Cooking Food for 7 Days? How Slow can Food Be?

The Brazilian dish called maniçoba is poisonous unless it has been cooked for at least 3 days. This intriguing fact demanded further investigation.Maniçoba is a typical dish of the state of Pará. It’s a favorite during Círio de Nazaré – a festival locally considered as the “Christmas of Pará”. Just as Americans typically eat turkey at Thanksgiving or Christmas, many Paraenses like to eat, among other things, maniçoba at Círio de Nazaré.
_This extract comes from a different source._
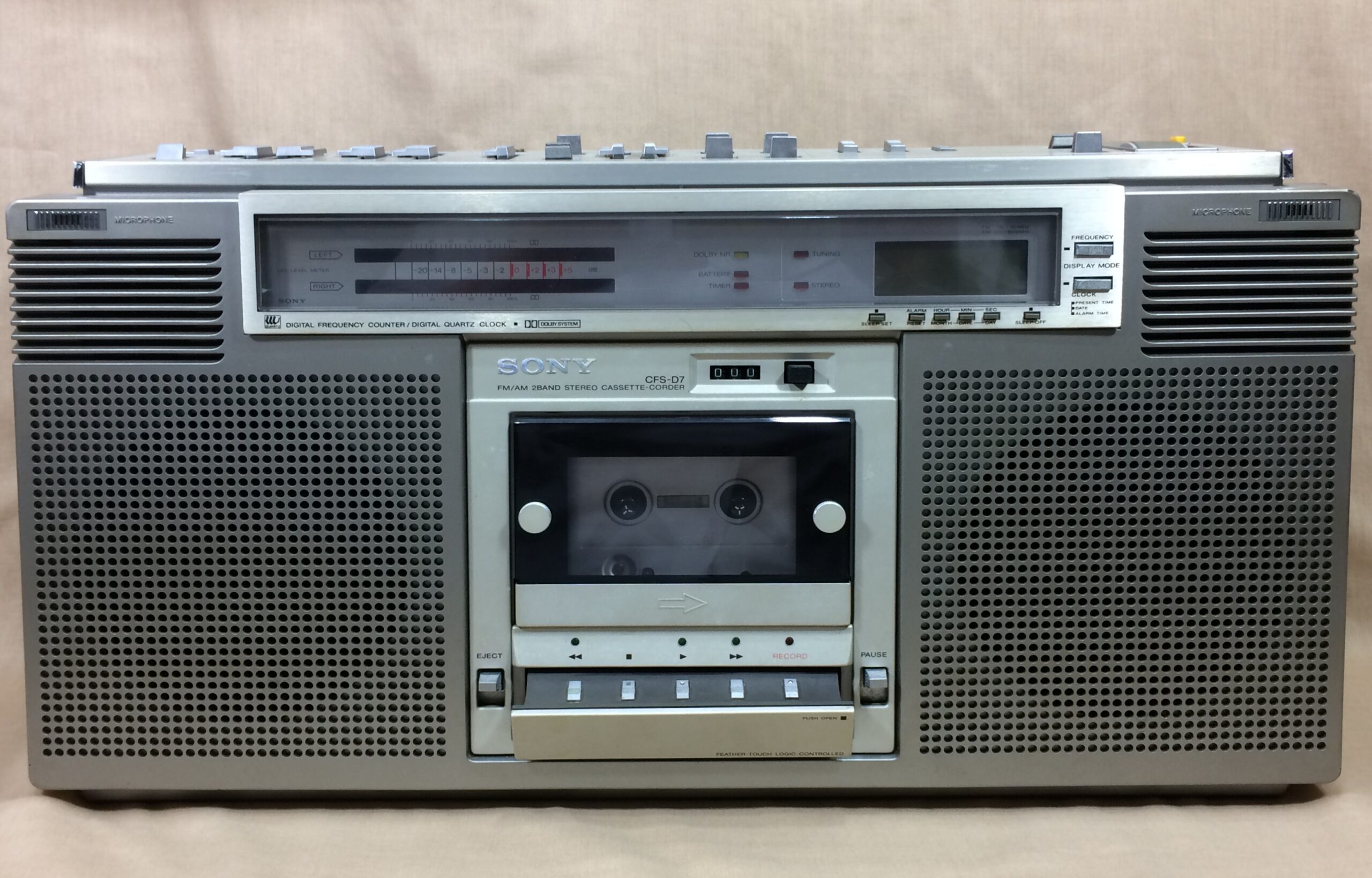 SONY ソニー CFS-D7 レトロ ラジカセ 昭和レトロ SIRI III ソニー CFS-D7 – デジタル時代を予感させる未来派ラジカセ | 【昭和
Religious Festival Círio de Nazaré

The festival is celebrated around the second Sunday in October. As the event attracts more than 2 million visitors and pilgrims in one weekend, Círio de Nazaré is considered one of the world’s largest religious celebrations.

On Saturday NS de Nazaré is brought by boat from Icoari to Belém

On Saturday NS de Nazaré is brought by boat from Icoari to Belém

Back to the maniçoba: We happen to be in Belém at the right moment and as we are staying with a family, I have followed the preparations of this dish.

Important Detail

There are 2 kinds of manioc (manihot). In Brazil they are called:

  • Mandioca (bitter cassava), which is the poisonous one.
  • Macaxeira or aipim (sweet cassava), which is safe to eat in its natural state.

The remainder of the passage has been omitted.